Gianrico Carofiglio "La manomissione delle parole"

Un libro che non esiste, di una fantomatica casa editrice, Le Edizioni dell’Orto Botanico, scorto in una libreria dal nome improbabile “L’Osteria del caffellatte”, aperta in orari proprio particolari (dalle dieci di sera alle sei di mattina) da “un ex professore di liceo con l’insonnia cronica”.
Un titolo così particolare per un libro (senza autore) come La manomissione delle parole che l’Avvocato Guerrieri non può fare a meno di notare e poi acquistare nella sua “incursione” notturna nella libreria tenuta da Ottavio, felice di cedere all’amico avvocato anche questa solo copia del libro.

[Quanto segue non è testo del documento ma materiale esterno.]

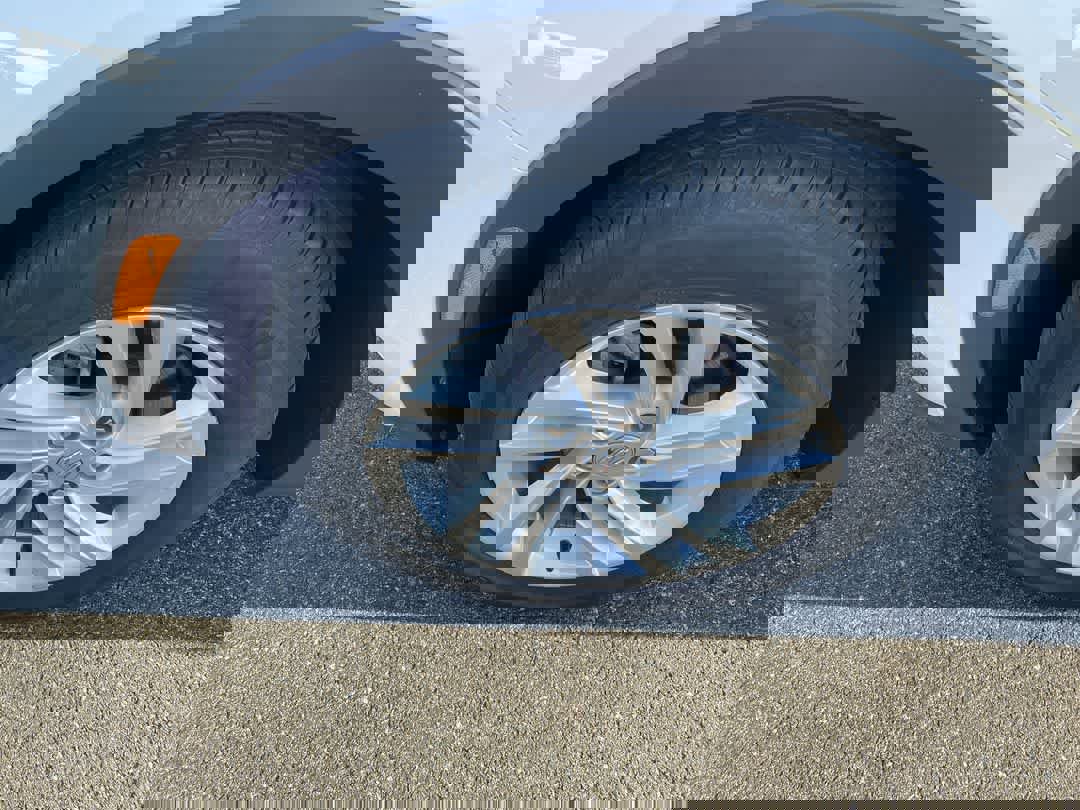 Used 2024 Buick Envista Preferred w/ Convenience I Package image 10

Una sorta di “mise en abîme” all’interno dell’avvincente Ragionevoli dubbi di Gianrico Carofiglio, come risulta dalle parole dello scrittore: “quel libro era comparso nel romanzo e sugli scaffali della libreria di Ottavio […] per un bisogno intenso, complesso e – almeno allora – non del tutto chiaro allo stesso autore”.

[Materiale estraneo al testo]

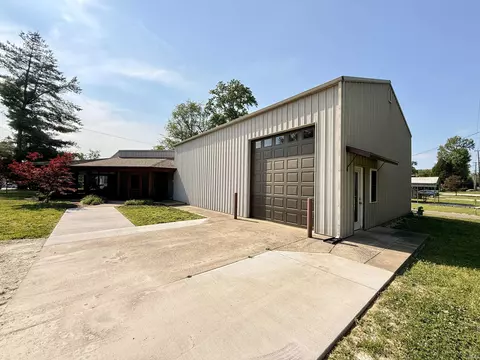 716 Gough Ave, Boonville, IN 47601
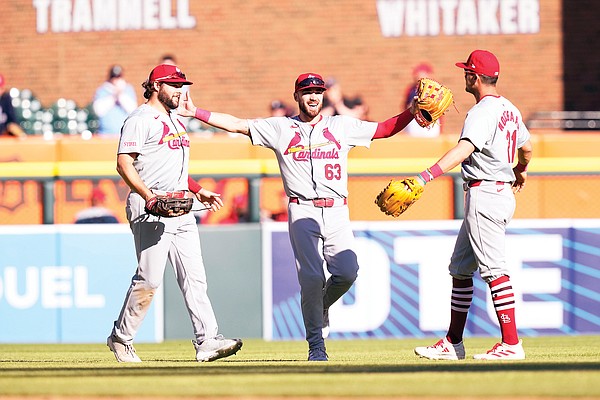 Cardinals, Tigers split doubleheader to start series - Vimarsana News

Quel libro che non esisteva ma tutti avremmo voluto trovarlo, rimirarne la copertina sobria, anche se inquietante (sul vocabolo “Parole”, in maiuscolo, c’è una macchia d’inchiostro che crea come un ramo di un albero, con due principali diramazioni -la prima è talmente sottile e finisce nel nulla: una ampia, più sicura, un’altra più sottile e incerta).
Quale sarà la nostra scelta per dare nuovamente senso a queste “nostre parole […] spesso prive di significato […, parole che] abbiamo consumato, estenuate, svuotate con un uso eccessivo e soprattutto inconsapevole”?
Quale sarà la nostra difficile scelta quotidiana all’alba di un evento così importante come i 150 anni dell’Unità d’Italia, ma anche di una lingua unitaria, da sempre ammirata, ma oggi assurdamente così vituperata?
Quella roboante, ossessiva, grossolana e senza fantasia, spesso utilizzata nei mass media e da tanti politici o quella sottile, riflessiva, ruscello faticoso ma affascinante scaturente dai tanti capolavori della nostra tradizione letteraria?
Ed ecco che Gianrico Carofiglio, in una sorta “seminario virtuale”, realizza proprio un’operazione di “manomissione” delle parole, ma nell’accezione positiva del termine, etimologicamente aderente al suo significato antico di “cerimonia con cui uno schiavo veniva liberato”: “al poeta tocca restituire [… alle parole la loro] verginità” e all’ “artigiano”, all’autore de L’arte del dubbio spetta il difficile compito di compiere un lavoro di “decostruzione” e di nuova “costruzione” per “restituire loro senso, consistenza, colore, suono, odore”, per “restituire verginità, senso, dignità e vita alle parole”.
Non è un caso la citazione di un altro giurista, insigne studioso e professore, Gustavo Zagrebelsky, come non sono un caso i riferimenti rinvenibili nei confronti di Orwell e del Nanni Moretti di “Palombella rossa” (“le parole sono importanti!”).
Echeggiano allora le parole evocate nel libro: “vergogna”, “giustizia”, “ribellione”, “bellezza”, “scelta”, come non potevano mancare, per un giurista, le “parole del diritto”, per concludere giustamente come riprende la quarta di copertina con la riflessione che
“Chiamare le cose con il loro nome è un gesto rivoluzionario, dichiarava Rosa Luxemburg ormai un secolo fa. Ripensare il linguaggio, oggi, significa immaginare una nuova forma di vita.”.
E penso che questo – e non possiamo che ringraziare l’autore per avercelo ricordato con “le sue parole” - sia uno degli scopi più alti da perseguire qui ed ora, “hic et nunc”, riappropriandoci a partire dal linguaggio che esprime noi stessi, i nostri desideri e bisogni, i nostri sentimenti e affetti, la nostra vita più vera.